----- SUPPLIED MATERIAL -----

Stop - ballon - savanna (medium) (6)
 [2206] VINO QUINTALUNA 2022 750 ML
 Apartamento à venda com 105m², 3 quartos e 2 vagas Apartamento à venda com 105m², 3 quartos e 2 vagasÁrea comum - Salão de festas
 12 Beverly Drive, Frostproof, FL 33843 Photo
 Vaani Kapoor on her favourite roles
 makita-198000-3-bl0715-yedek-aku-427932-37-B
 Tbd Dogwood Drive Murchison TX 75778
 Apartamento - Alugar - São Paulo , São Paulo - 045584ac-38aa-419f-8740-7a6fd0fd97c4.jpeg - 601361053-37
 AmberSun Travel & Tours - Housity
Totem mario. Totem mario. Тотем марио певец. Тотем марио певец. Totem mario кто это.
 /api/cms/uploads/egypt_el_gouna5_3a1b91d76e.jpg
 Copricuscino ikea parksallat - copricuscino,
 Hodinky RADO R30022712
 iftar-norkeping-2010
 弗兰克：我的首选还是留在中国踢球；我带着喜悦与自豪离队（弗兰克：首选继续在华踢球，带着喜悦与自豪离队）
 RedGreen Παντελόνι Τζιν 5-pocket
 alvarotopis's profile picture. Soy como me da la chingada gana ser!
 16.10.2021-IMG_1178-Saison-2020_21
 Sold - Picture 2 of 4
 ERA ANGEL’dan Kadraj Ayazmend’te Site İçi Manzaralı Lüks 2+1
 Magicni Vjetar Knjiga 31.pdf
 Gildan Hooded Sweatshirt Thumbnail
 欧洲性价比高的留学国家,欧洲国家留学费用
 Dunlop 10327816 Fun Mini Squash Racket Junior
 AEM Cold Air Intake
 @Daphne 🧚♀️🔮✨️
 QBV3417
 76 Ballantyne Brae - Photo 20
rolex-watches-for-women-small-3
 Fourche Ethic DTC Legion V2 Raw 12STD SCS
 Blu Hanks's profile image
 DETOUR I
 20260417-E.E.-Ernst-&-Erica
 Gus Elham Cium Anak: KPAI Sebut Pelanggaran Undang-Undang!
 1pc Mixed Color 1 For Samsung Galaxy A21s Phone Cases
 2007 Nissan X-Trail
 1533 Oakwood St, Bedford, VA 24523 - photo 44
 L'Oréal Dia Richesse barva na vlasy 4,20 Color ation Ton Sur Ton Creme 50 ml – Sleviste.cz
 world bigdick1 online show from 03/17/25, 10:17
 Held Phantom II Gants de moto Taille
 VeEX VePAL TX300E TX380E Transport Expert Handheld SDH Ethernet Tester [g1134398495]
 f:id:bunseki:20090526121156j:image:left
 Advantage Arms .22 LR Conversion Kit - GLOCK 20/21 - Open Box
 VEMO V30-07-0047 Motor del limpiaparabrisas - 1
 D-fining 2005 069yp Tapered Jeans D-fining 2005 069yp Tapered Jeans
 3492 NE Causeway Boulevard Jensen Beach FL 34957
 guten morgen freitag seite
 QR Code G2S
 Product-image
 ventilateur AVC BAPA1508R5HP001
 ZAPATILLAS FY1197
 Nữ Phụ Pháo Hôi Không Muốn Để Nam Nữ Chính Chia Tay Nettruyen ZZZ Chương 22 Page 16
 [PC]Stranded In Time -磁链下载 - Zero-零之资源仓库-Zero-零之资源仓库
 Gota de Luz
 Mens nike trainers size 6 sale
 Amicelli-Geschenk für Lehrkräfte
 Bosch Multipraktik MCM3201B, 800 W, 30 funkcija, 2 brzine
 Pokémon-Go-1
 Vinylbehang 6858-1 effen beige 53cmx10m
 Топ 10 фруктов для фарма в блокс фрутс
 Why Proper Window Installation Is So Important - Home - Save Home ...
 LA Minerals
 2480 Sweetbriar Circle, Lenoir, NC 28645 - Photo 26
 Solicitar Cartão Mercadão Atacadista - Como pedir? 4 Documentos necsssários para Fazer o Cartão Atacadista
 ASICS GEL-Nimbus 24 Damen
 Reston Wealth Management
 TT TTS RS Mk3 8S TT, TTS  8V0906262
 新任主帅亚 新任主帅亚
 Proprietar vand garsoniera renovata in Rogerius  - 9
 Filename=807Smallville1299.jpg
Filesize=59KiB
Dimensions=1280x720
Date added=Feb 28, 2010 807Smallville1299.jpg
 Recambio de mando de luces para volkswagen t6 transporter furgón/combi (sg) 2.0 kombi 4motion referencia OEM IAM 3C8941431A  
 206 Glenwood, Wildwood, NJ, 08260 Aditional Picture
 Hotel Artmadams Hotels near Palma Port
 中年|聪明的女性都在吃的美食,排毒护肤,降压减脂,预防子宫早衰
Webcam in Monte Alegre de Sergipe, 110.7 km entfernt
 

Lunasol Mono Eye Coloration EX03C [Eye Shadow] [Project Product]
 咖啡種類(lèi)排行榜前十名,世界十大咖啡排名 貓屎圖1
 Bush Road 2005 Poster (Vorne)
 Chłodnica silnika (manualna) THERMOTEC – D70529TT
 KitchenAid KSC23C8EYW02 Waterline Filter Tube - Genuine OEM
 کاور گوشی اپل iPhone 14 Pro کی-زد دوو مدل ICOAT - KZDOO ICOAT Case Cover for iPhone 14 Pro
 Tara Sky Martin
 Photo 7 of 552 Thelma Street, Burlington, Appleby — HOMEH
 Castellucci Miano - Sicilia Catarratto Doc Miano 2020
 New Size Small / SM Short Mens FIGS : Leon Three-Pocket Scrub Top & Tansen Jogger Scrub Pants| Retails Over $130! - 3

-----

Keeping every character as it is, restate the lines above that run from the line with "Amicelli-Geschenk für Lehrkräfte" through the line with "Castellucci Miano - Sicilia", both included, and nothing else.

• OUTPUT BELOW:
 Amicelli-Geschenk für Lehrkräfte
 Bosch Multipraktik MCM3201B, 800 W, 30 funkcija, 2 brzine
 Pokémon-Go-1
 Vinylbehang 6858-1 effen beige 53cmx10m
 Топ 10 фруктов для фарма в блокс фрутс
 Why Proper Window Installation Is So Important - Home - Save Home ...
 LA Minerals
 2480 Sweetbriar Circle, Lenoir, NC 28645 - Photo 26
 Solicitar Cartão Mercadão Atacadista - Como pedir? 4 Documentos necsssários para Fazer o Cartão Atacadista
 ASICS GEL-Nimbus 24 Damen
 Reston Wealth Management
 TT TTS RS Mk3 8S TT, TTS  8V0906262
 新任主帅亚 新任主帅亚
 Proprietar vand garsoniera renovata in Rogerius  - 9
 Filename=807Smallville1299.jpg
Filesize=59KiB
Dimensions=1280x720
Date added=Feb 28, 2010 807Smallville1299.jpg
 Recambio de mando de luces para volkswagen t6 transporter furgón/combi (sg) 2.0 kombi 4motion referencia OEM IAM 3C8941431A  
 206 Glenwood, Wildwood, NJ, 08260 Aditional Picture
 Hotel Artmadams Hotels near Palma Port
 中年|聪明的女性都在吃的美食,排毒护肤,降压减脂,预防子宫早衰
Webcam in Monte Alegre de Sergipe, 110.7 km entfernt
 

Lunasol Mono Eye Coloration EX03C [Eye Shadow] [Project Product]
 咖啡種類(lèi)排行榜前十名,世界十大咖啡排名 貓屎圖1
 Bush Road 2005 Poster (Vorne)
 Chłodnica silnika (manualna) THERMOTEC – D70529TT
 KitchenAid KSC23C8EYW02 Waterline Filter Tube - Genuine OEM
 کاور گوشی اپل iPhone 14 Pro کی-زد دوو مدل ICOAT - KZDOO ICOAT Case Cover for iPhone 14 Pro
 Tara Sky Martin
 Photo 7 of 552 Thelma Street, Burlington, Appleby — HOMEH
 Castellucci Miano - Sicilia Catarratto Doc Miano 2020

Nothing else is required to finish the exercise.